My nervous system went spiraling into another trauma response. I felt stretched like an accordion - being pushed to the edges of my comfort zone, bringing myself back to center and then being stretched again, and again. It was an emotional marathon.




And I showed the fuck up for it.



During periods where I struggled with addiction, I would turn to substances to escape the discomfort of my reality. When you're in survival mode, it's easy to cave into the temptation to escape. But this day, I was surrendering to the experience. Leaning into the discomfort, breathing through it and doing what I know to do to regulate my nervous system.


Receiving those back-to-back email notifications - that first my password, and then my email were changed on my Instagram account -made me feel helpless in a time where I was already feeling so raw and tender. I felt like I was being stabbed in an open wound.



In a state of primal panic, I raced to change all my passwords to my financial accounts despite feeling like hands were gripping my throat. Time felt like it was crawling. My neck radiated with tingly heat. I could feel it stiffening like wood as my airways narrowed. It took all my emotional and physical strength to force my lungs to take deep breaths.



Then I went out for a bike ride and touched my feet to the Earth, once again, as I talked to one of my beloved chosen family members on the phone for an hour.



I’m so grateful that the only thing that got hacked was my Instagram profile and not my financial accounts.

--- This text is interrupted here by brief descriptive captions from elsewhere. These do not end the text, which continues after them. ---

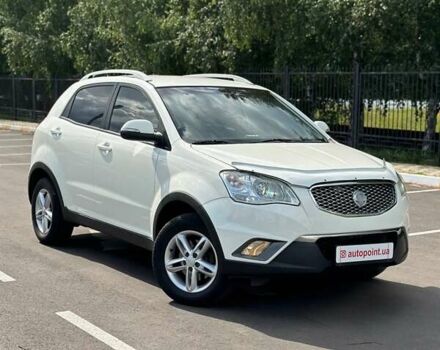 Білий Cанг Йонг Korando, об'ємом двигуна 2 л та пробігом 111 тис. км за 9300 $, фото 1 на Automoto.ua
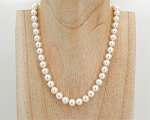 Freshwater Pearl Necklaces at SelecTraders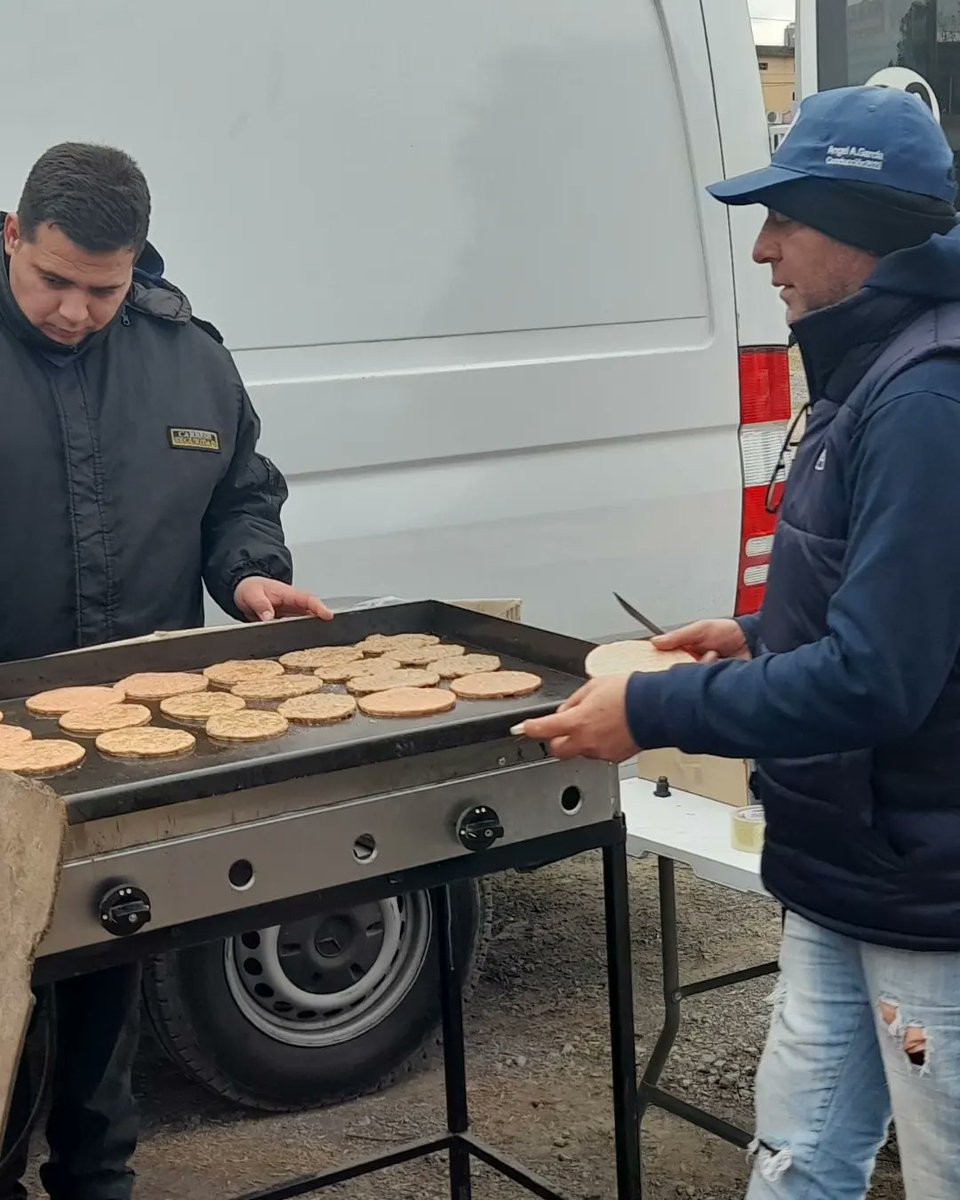 UpsraQ's tweet photo. Ante la intransigencia de la #Patronal se prolonga la Medida de Fuerza en #SIDERAR. PARALIZADA
@24hrs_ARG @radiogremial99 @Ambitocom @MinSeg @MinTrabajoAR @UPSRAok @Radio10 @radiofmq @radiografica893 @InfoGremiales @MundoGremial @infodequilmes @infobae @SitioGremial https://t.co/awHwY2vere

There was so much scarcity in my body, fearing the financial help I had just received moments ago would slip from my control too.



Then I went home, showered, smoked a strain of indica, massaged my feet with lavender-infused lotion and smudged my room with rosemary from the garden. I muted all notifications after realizing that each new notification was sending me into a state of panic and hyper-vigilance. My nervous system needed a break.



Those last 24 hours felt like three days. I mean, what even is time - really?



I literally feel like a different person today.


Transformation

That’s why coming out of any closet often feels like a rebirth. When you allow yourself to be seen in your truth, you begin to experience the world differently. Your flesh-body hasn't changed, but you’ve shedded layers of shame that were keeping you disconnected. You will only reveal your truth if the environment feels safe enough. When you haven't trusted the community in the past, choosing to trust is a leap of faith. That’s why coming out feels simultaneously terrifying and liberating.



Within a world shaped by systems of oppression, liberation is always outside of the comfort zone. And you'll need something to anchor you as you enter the stretch zone.



That's why liberation is unattainable without the ability to regulate your nervous system. Otherwise, you’ll fly out into the panic zone, which takes immense time and energy to recover from. In the words of Sonya Renee Taylor, “the body is the technology of liberation.”




Lessons I’m Integrating

Safety and violence will always co-exist simultaneously. Safety is not a destination, but a fluid state of being that you keep coming back to through regulating your nervous system.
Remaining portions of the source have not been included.